What you are asked to do ▸ Retype, exactly and with nothing added, the lines from the one showing "When we drop 2" through the final line of the material. Omit pictures.

Data for this exercise ▸

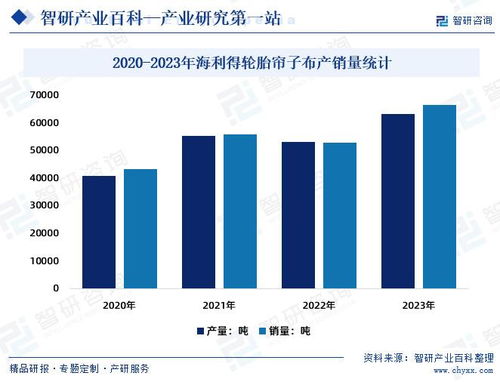 中國簾子布行業(yè)投資前景分析及未來發(fā)展趨勢研究報(bào)告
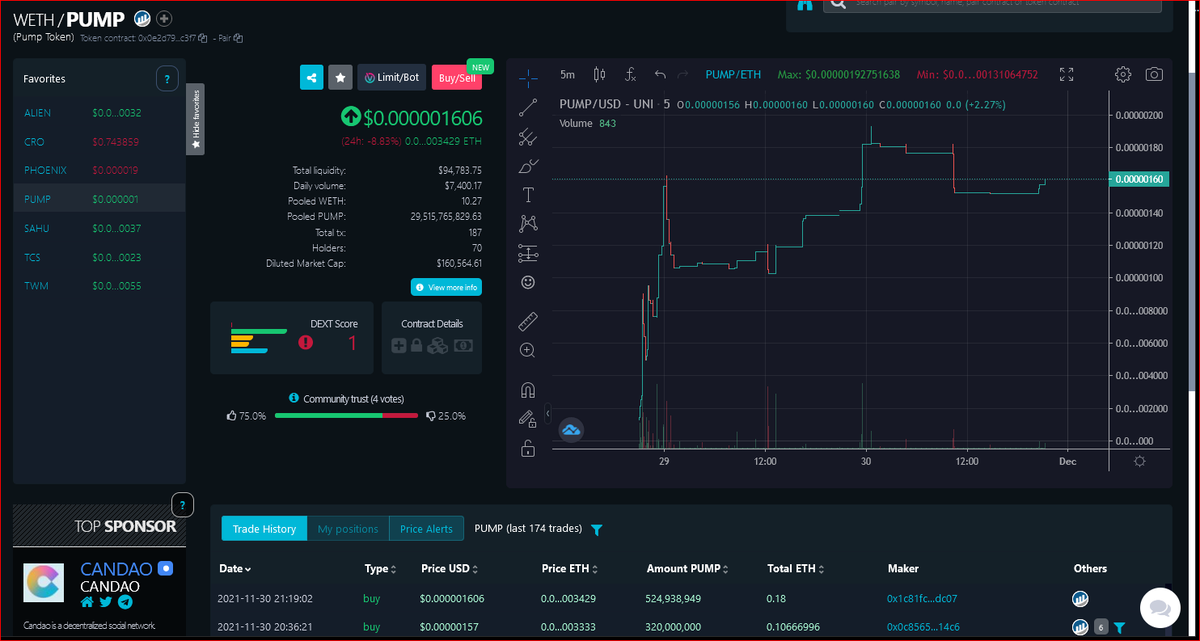 Seanin603's tweet photo. A spur of the moment stealth launch out to be a #MoonShot!

$PUMP is on the quest for $1!

When we drop 1 zero @Pumptoken2Pump will give away $10,000.00

When we drop 2 zeros we will give away $100,000.00

Get yourself a bag and help us #PUMP!

https://t.co/SCkdTvqQBf https://t.co/yP2mM7Fp05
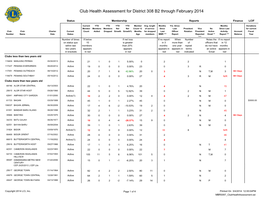 Club Health Assessment for District 308 B2 Through February 2014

Exercise solution ▸
When we drop 2 zeros we will give away $100,000.00

Get yourself a bag and help us #PUMP!

https://t.co/SCkdTvqQBf https://t.co/yP2mM7Fp05
 Club Health Assessment for District 308 B2 Through February 2014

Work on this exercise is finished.